═════ Dataset records

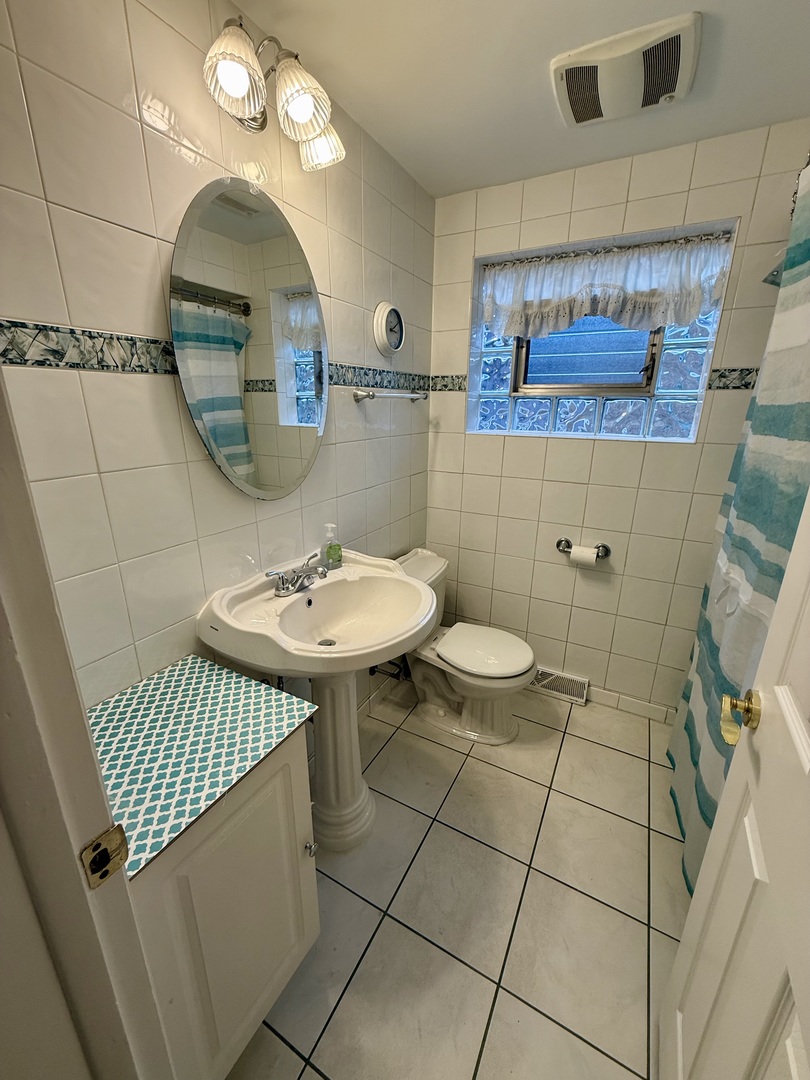 8444 S Kostner Avenue, Chicago, IL 60652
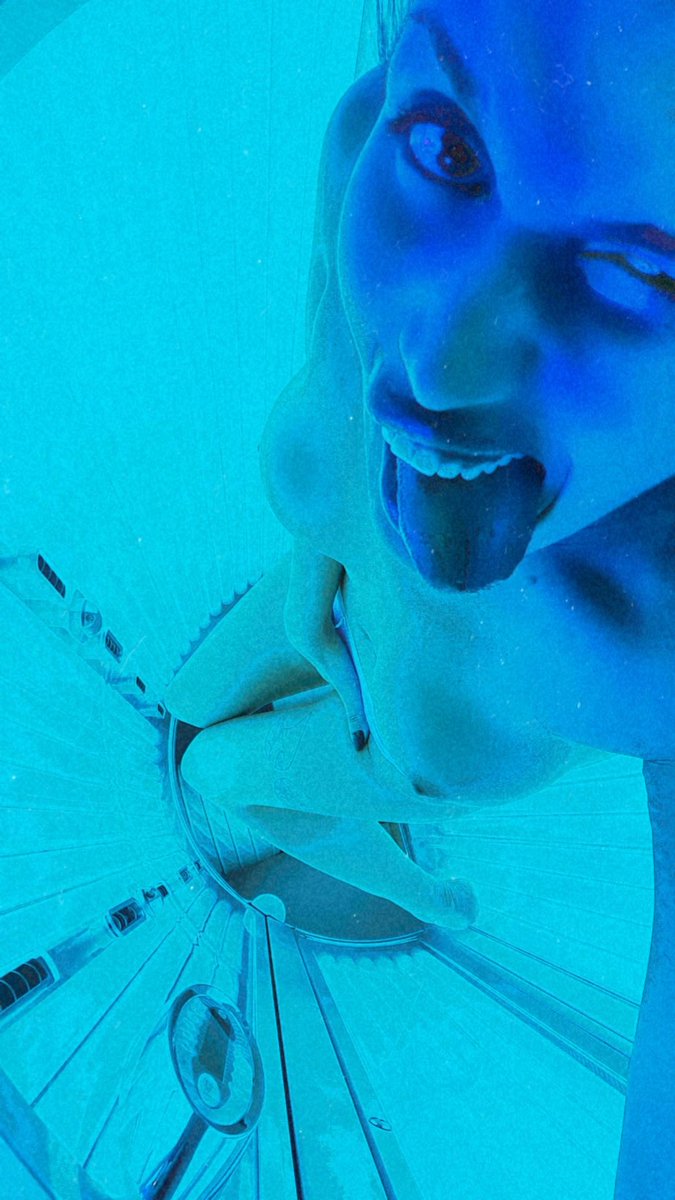 Kažeš, kidaju fotke iz solarijuma, a?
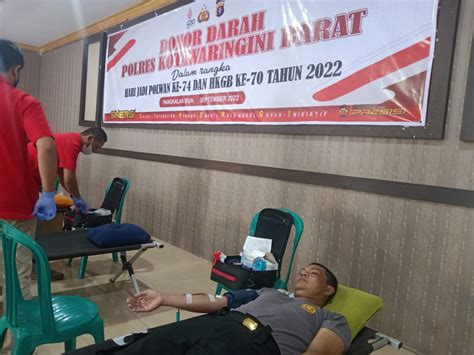 Anggota Bagren Polres Kotawaringin Barat Mengikuti Kegiatan Donor Darah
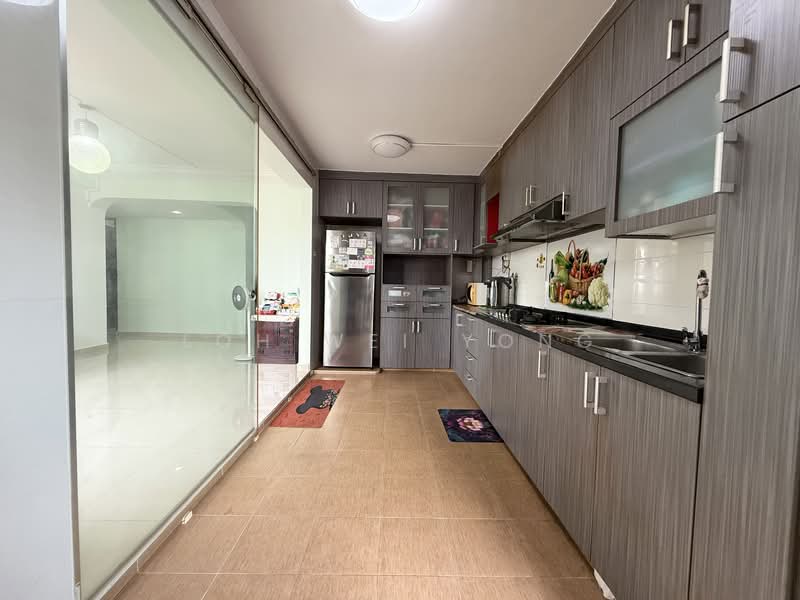 139 Bedok North Avenue 3 HDB Flat For Sale at S$ 688,888 | PropertyGuru Singapore - Kitchen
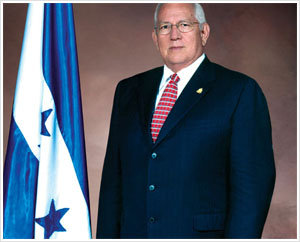 Honduran de-facto government resigns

══════════

> Aim of the task
Every line above should be returned word for word, with the pictures left behind.

> Result below
 8444 S Kostner Avenue, Chicago, IL 60652
 Kažeš, kidaju fotke iz solarijuma, a?
 Anggota Bagren Polres Kotawaringin Barat Mengikuti Kegiatan Donor Darah
 139 Bedok North Avenue 3 HDB Flat For Sale at S$ 688,888 | PropertyGuru Singapore - Kitchen
 Honduran de-facto government resigns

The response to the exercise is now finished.